◆ Work to complete ◆
Omit the pictures and copy the entries exactly.
━━━
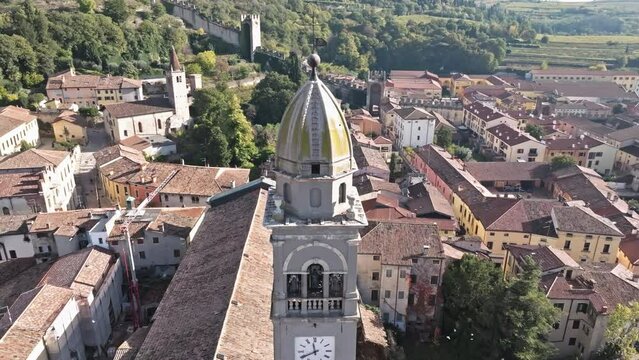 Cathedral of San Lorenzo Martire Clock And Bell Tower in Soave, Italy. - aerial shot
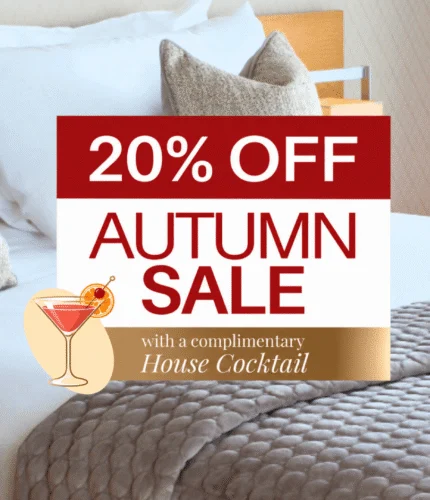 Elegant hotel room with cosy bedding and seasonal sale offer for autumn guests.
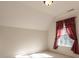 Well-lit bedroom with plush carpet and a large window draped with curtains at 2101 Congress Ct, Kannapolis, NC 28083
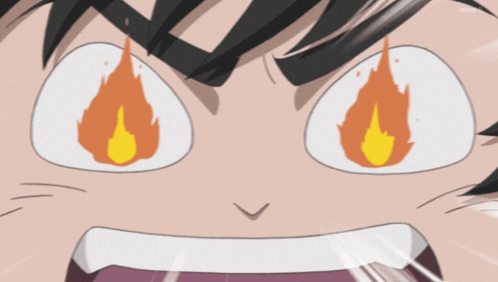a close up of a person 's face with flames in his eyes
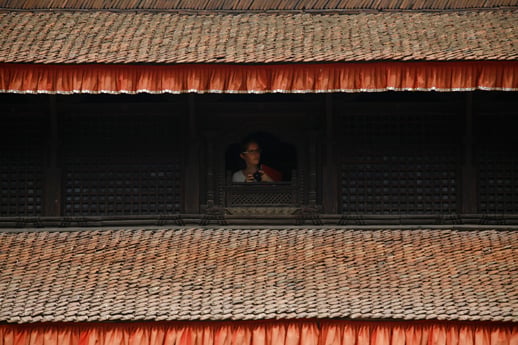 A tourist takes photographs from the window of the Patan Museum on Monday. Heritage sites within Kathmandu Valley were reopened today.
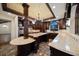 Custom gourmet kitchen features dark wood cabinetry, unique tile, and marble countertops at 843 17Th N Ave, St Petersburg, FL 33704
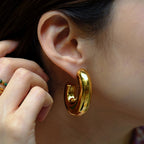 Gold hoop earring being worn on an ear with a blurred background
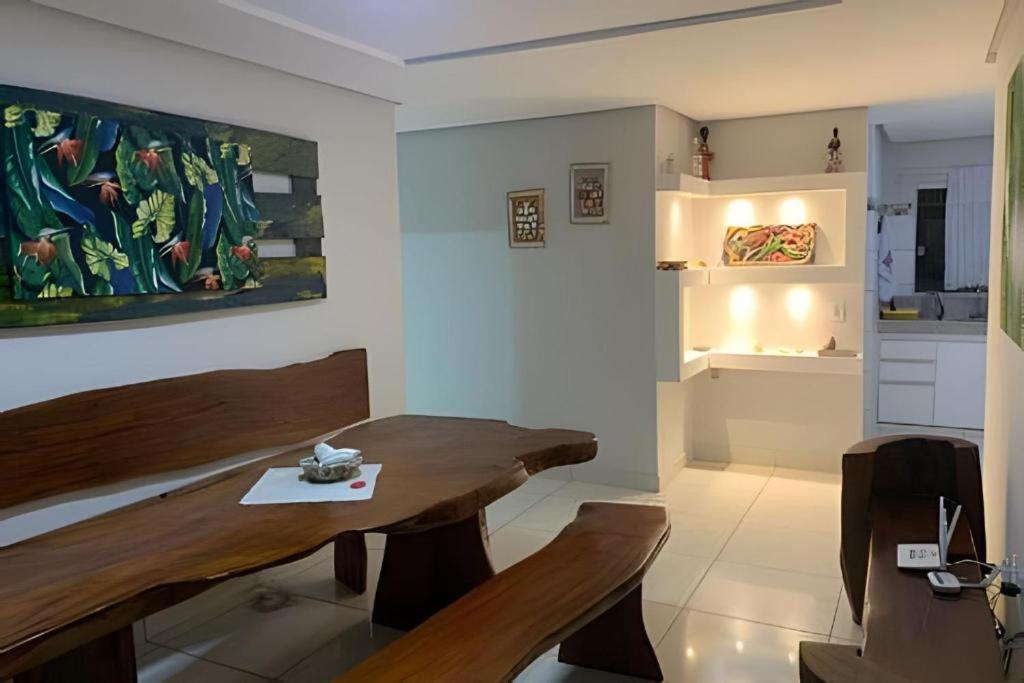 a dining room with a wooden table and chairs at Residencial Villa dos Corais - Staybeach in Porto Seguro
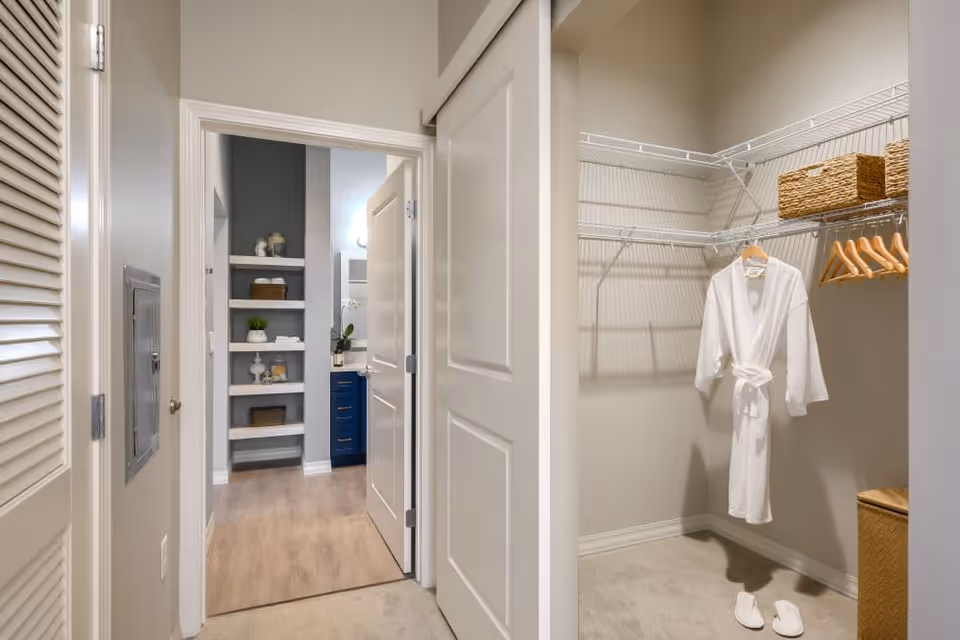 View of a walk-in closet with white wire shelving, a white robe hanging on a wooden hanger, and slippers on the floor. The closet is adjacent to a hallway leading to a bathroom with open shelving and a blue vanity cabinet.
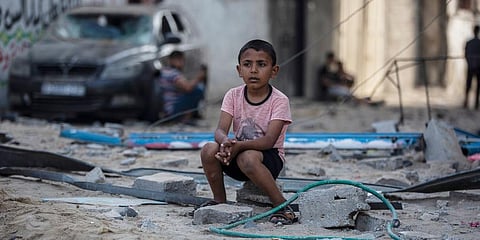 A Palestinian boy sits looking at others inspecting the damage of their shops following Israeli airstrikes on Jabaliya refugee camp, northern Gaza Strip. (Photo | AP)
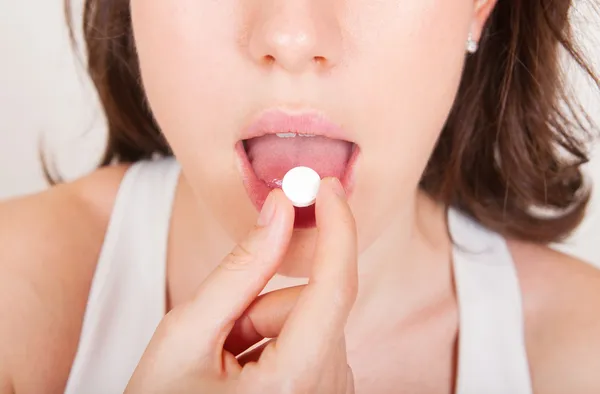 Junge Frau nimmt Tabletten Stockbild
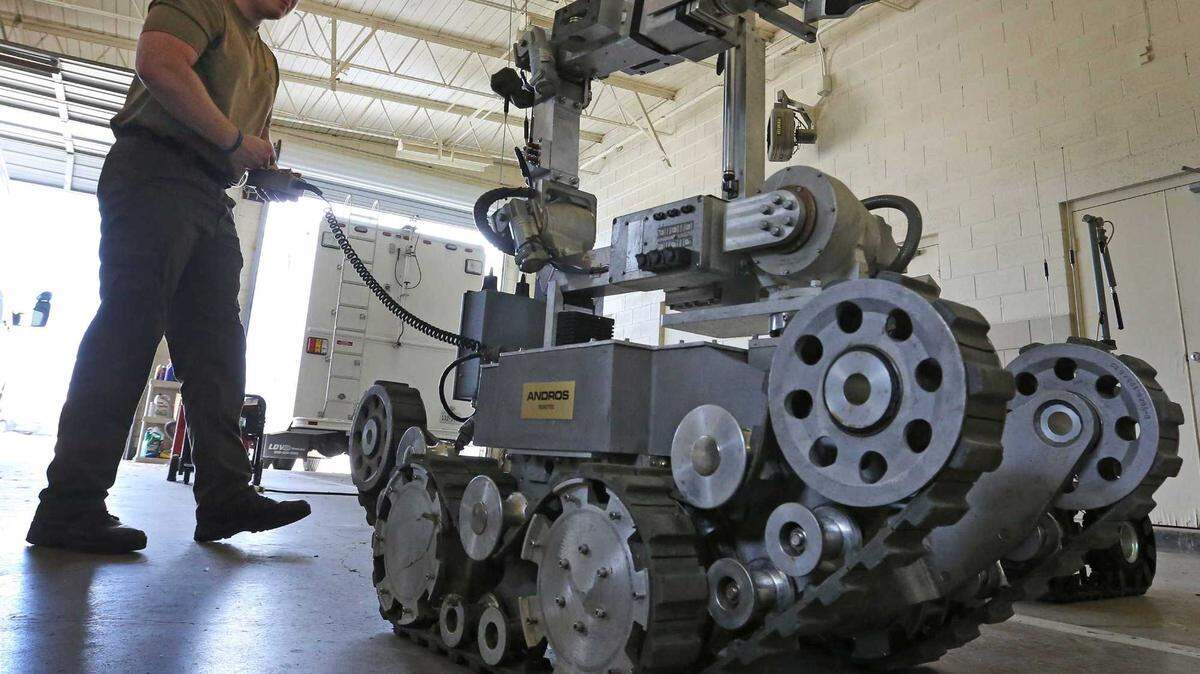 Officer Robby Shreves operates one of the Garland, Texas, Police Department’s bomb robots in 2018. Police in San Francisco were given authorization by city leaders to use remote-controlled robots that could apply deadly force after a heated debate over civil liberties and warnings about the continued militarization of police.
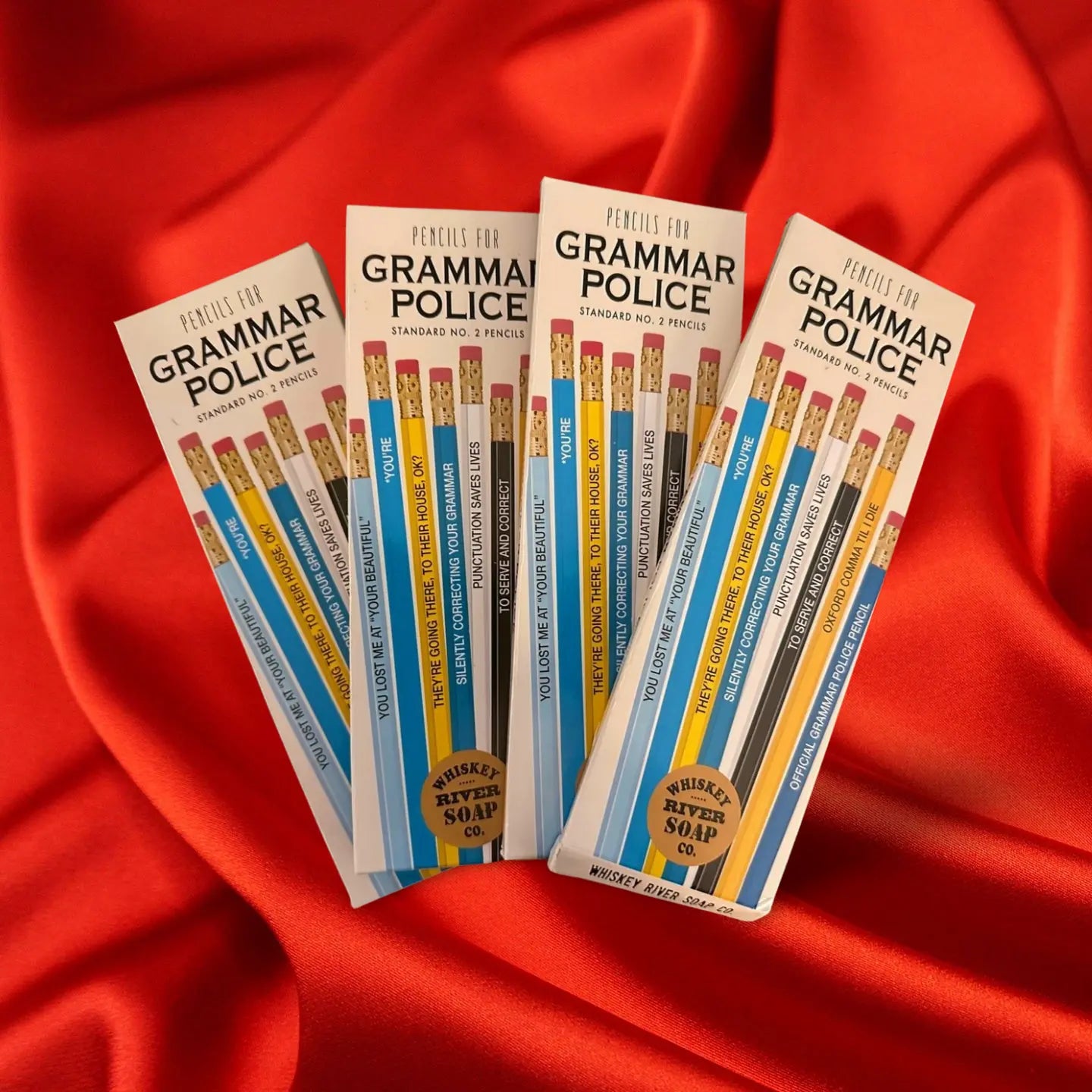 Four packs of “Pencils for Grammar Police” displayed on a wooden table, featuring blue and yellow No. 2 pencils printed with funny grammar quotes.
━━━
◆ Reply to the task ◆
 Cathedral of San Lorenzo Martire Clock And Bell Tower in Soave, Italy. - aerial shot
 Elegant hotel room with cosy bedding and seasonal sale offer for autumn guests.
 Well-lit bedroom with plush carpet and a large window draped with curtains at 2101 Congress Ct, Kannapolis, NC 28083
a close up of a person 's face with flames in his eyes
 A tourist takes photographs from the window of the Patan Museum on Monday. Heritage sites within Kathmandu Valley were reopened today.
 Custom gourmet kitchen features dark wood cabinetry, unique tile, and marble countertops at 843 17Th N Ave, St Petersburg, FL 33704
 Gold hoop earring being worn on an ear with a blurred background
 a dining room with a wooden table and chairs at Residencial Villa dos Corais - Staybeach in Porto Seguro
 View of a walk-in closet with white wire shelving, a white robe hanging on a wooden hanger, and slippers on the floor. The closet is adjacent to a hallway leading to a bathroom with open shelving and a blue vanity cabinet.
 A Palestinian boy sits looking at others inspecting the damage of their shops following Israeli airstrikes on Jabaliya refugee camp, northern Gaza Strip. (Photo | AP)
 Junge Frau nimmt Tabletten Stockbild
 Officer Robby Shreves operates one of the Garland, Texas, Police Department’s bomb robots in 2018. Police in San Francisco were given authorization by city leaders to use remote-controlled robots that could apply deadly force after a heated debate over civil liberties and warnings about the continued militarization of police.
 Four packs of “Pencils for Grammar Police” displayed on a wooden table, featuring blue and yellow No. 2 pencils printed with funny grammar quotes.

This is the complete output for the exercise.